November 27, 2020

Webster interviews three candidates for VP of Information Technology position

Three candidates considered for the position of vice president  (VP) of Information Technology (IT) presented their five-year plans to aid the university to faculty and administration.
Webster University’s current Interim Vice President of IT Ken Freeman, Saint Louis University’s (SLU) current Information Technology Services (ITS) Director Michael Mueller and Clayton School District’s current Chief Informational Officer (CIO) Devin Davis are the final three applicants.
Freeman, who has been interim VP  of IT since April 2011, presented to more than 50 people Feb. 1 in the University Center.
Previously employed by corporations that include Monsanto, CIGNA and Fleet Financial Group, Freeman said he is willing to learn more about working in a higher education setting, as he had not before coming to Webster.
“I have experience across multiple industries and, with those experiences, I know how it’s been done in other areas,” Freeman said. “I have that experience and can say, ‘OK, you did this here, you may be able to do this along with some additional collaboration and thought in the higher education environment.’”
Freeman spoke in depth about student retention technology. He said in higher education, it is important to monitor and retain students while using the correct technology to do so.
“We spend a lot of time attracting students to come to Webster, but the next step is ask how can we do a better job monitoring their process as they are enrolled and going forward,” Freeman said.
He said that monitoring whether students are viewing their course syllabus, contacting student advisors or doing homework is information that can help faculty and administration better serve students.
“How can we make sure that once that student arrives here at Webster that they’re taking care of everything they need to do, and if we are enabling them to succeed as much as possible?” Freeman asked.
Freeman suggested using an e-portfolio where students could submit papers and applications, instead of turning them in or emailing them.  “You send them in to one tool,” Freeman said. “This increases the probability of student success and recognition of Webster’s commitment to them, because we spent a lot of time bringing them in; we want to make sure they succeed.”
Freeman also stressed that using Cloud computing will help organize information. Cloud computing is an online storage service that can store data from any device.
“Cloud based emails; that is an initiative that is on the table,” Freeman said. “Right now, we have to get that approved from a dollar perspective. Research was done last year and the team did present their recommendations and findings. I think since then, they’ve learned some other things.”
Freeman said he is pleased with decisions he has made at Webster.
“I have an open door policy; I don’t have a problem with any of the decisions that I’ve made, and I also don’t have a problem with people expressing their opinions,” Freeman said.
Mueller, who is currently ITS Director at SLU, said he would like to strengthen any weak points to Webster’s online infrastructure, if hired.

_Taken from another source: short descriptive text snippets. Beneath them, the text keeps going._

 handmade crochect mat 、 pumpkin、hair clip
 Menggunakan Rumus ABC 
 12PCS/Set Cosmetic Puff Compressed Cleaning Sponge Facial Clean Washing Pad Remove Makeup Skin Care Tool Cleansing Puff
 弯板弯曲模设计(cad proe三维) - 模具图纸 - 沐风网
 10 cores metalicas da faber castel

He spoke in the library conference room Feb. 2.
“We would assess the infrastructure and see if there are any core points of failure,” Mueller said. “If you only have one leg to the Internet and it goes down, you can’t do too much. I would need to assess the IT staff, and look at who needs additional training, as well as address single points of reliance either by cross training or by supplemental staff.”
Mueller also said students are the main focus, which he sees as the biggest difference between being in IT at corporations or in higher education.

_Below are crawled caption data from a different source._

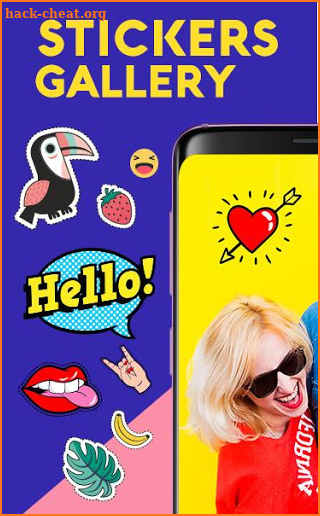Pictogram: photo editor and stickers gallery screenshot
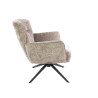 Fauteuil pivotant moderne en tissu chenille Zaya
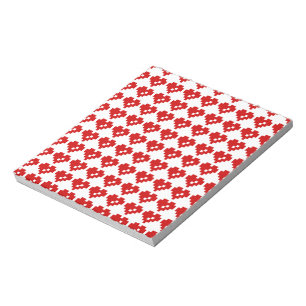 Pixel Heart 8 Bit Love Notepad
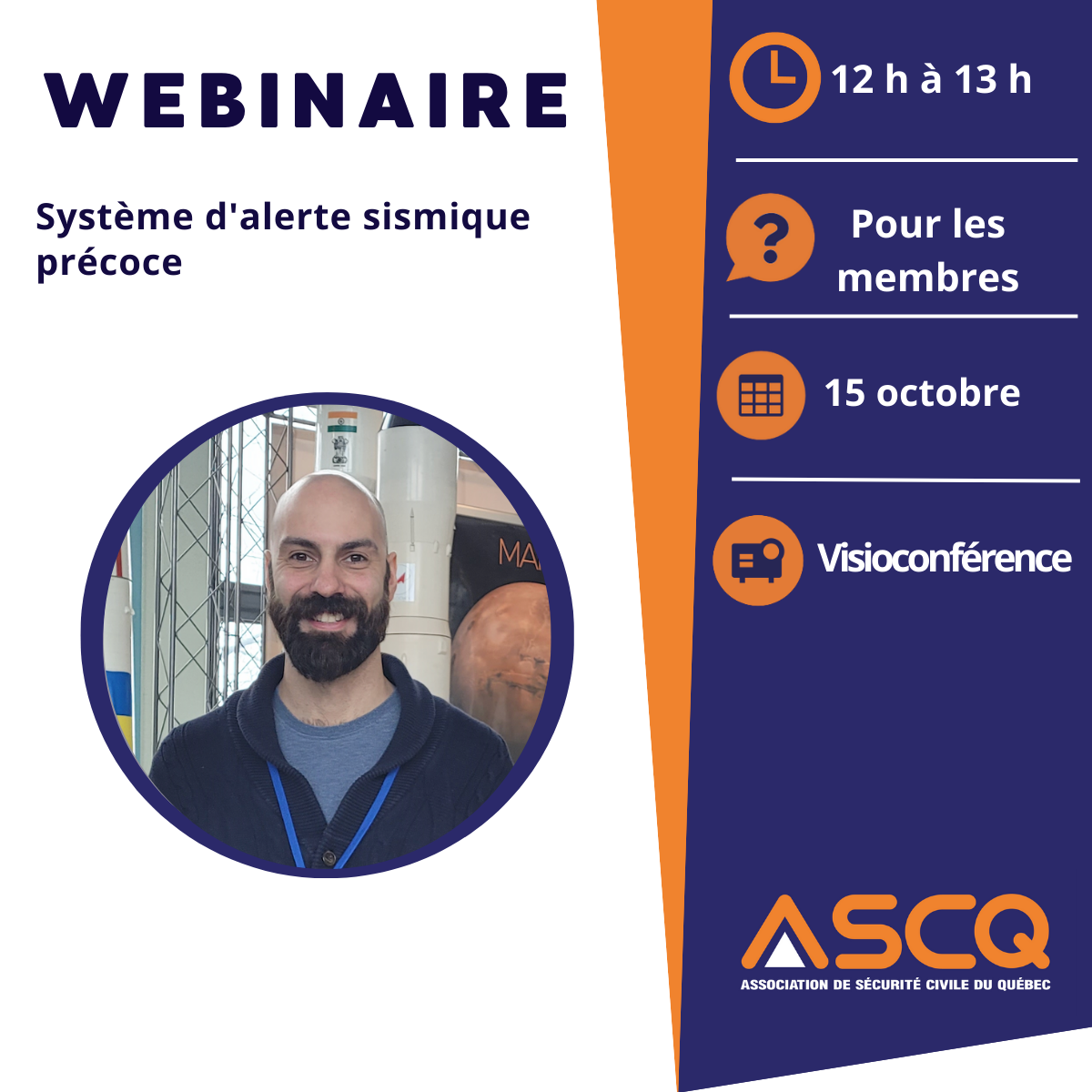 Webinaire - Système d'alerte sismique précoce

“Students are our customers,” Mueller said. “In the corporate world, people can set policies and they will be adhered to. You can be a dictator in the corporate world if you’re high enough up. And that’s not the way it’s done in higher education.”

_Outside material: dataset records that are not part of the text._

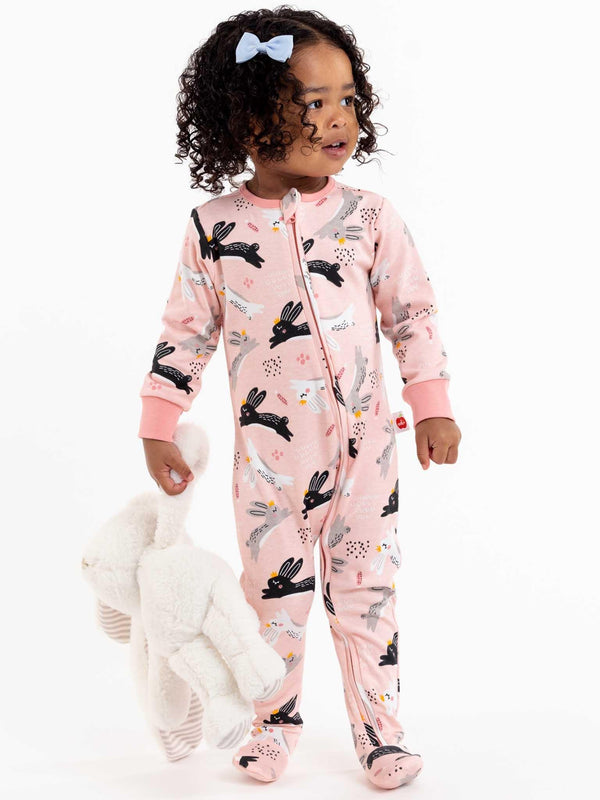 Pink Bunny Misha Zippy Suit
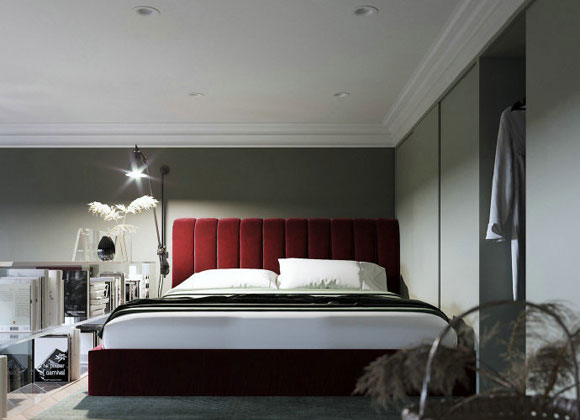 北欧风loft公寓装修，超精致的设计，墨绿色加紫红色效果很惊艳！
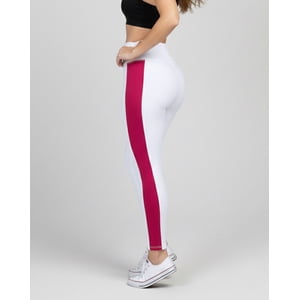 Flix Spa - Calza Mujer Algodón Nacional Tiro Alto Con Franja Lateral Alta Calidad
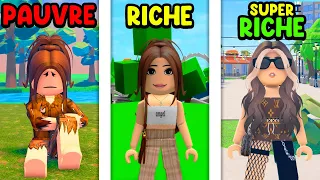 DE PAUVRE À RICHE À SUPER RICHE SUR ROBLOX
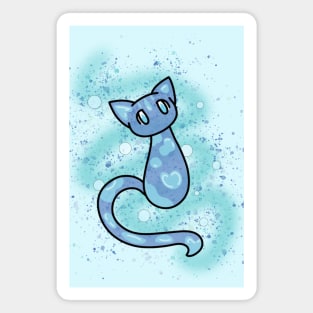 Fantasy Water Elemental Cat Magnet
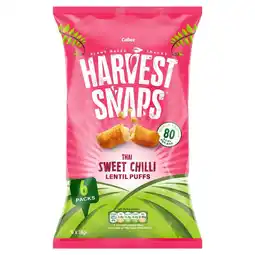 Morrisons Harvest snaps thai sweet chilli crispy lentil puffs offer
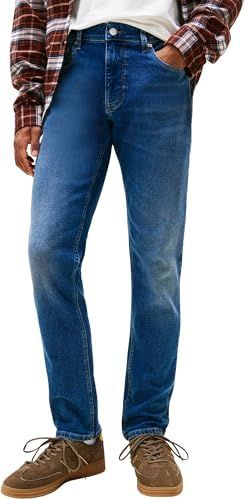 TOMMY JEANS Heren Scanton Slim BI0252 DM0DM22168, Denim, 28W/30L, Denim (Denim Dark), 28W / 30L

Mueller also said that in order to be transparent, he would like to have annual meetings with student representation and faculty. He said he wants a customer-focused staff and wants to build relationships through the annual meetings.
Davis, who is currently the CIO of Clayton School District, presented Feb. 3 in the library conference room. He said he believes in utilizing more virtual tools to help students learn from both Webster’s home campus and around the world.
He said that if he were a student, he would wish there were more videos of lectures and interactive quizzes that fully utilize online functions.  Davis, who has overseen IT for over 700 Sara Lee locations worldwide, said he believes he is ready to lead Webster’s worldwide campuses.
Davis said virtual learning would not take away a professor’s job.
“This doesn’t mean we’re replacing teachers and the classroom,” Davis said. “It will give students more chances and opportunities to learn.”
Davis said if he were hired, he could not fully serve the university unless he got to know individuals on campus.
“There’s no way I can sit on the fringes of society and know what you’re feeling,” Davis said. “The first thing I’d do is walk around and try to meet people.”
Webster student Andrew Ryan, senior film production major and employee at the Media Center, thinks the new VP should have a background in higher education. As IT now manages the Media Center, Ryan said he would like the VP to understand how it serves production students.
“As a graduating senior, I would like whoever assumes that role to have a better understanding as to what the media center does and know the difference between it and IT,” Ryan said.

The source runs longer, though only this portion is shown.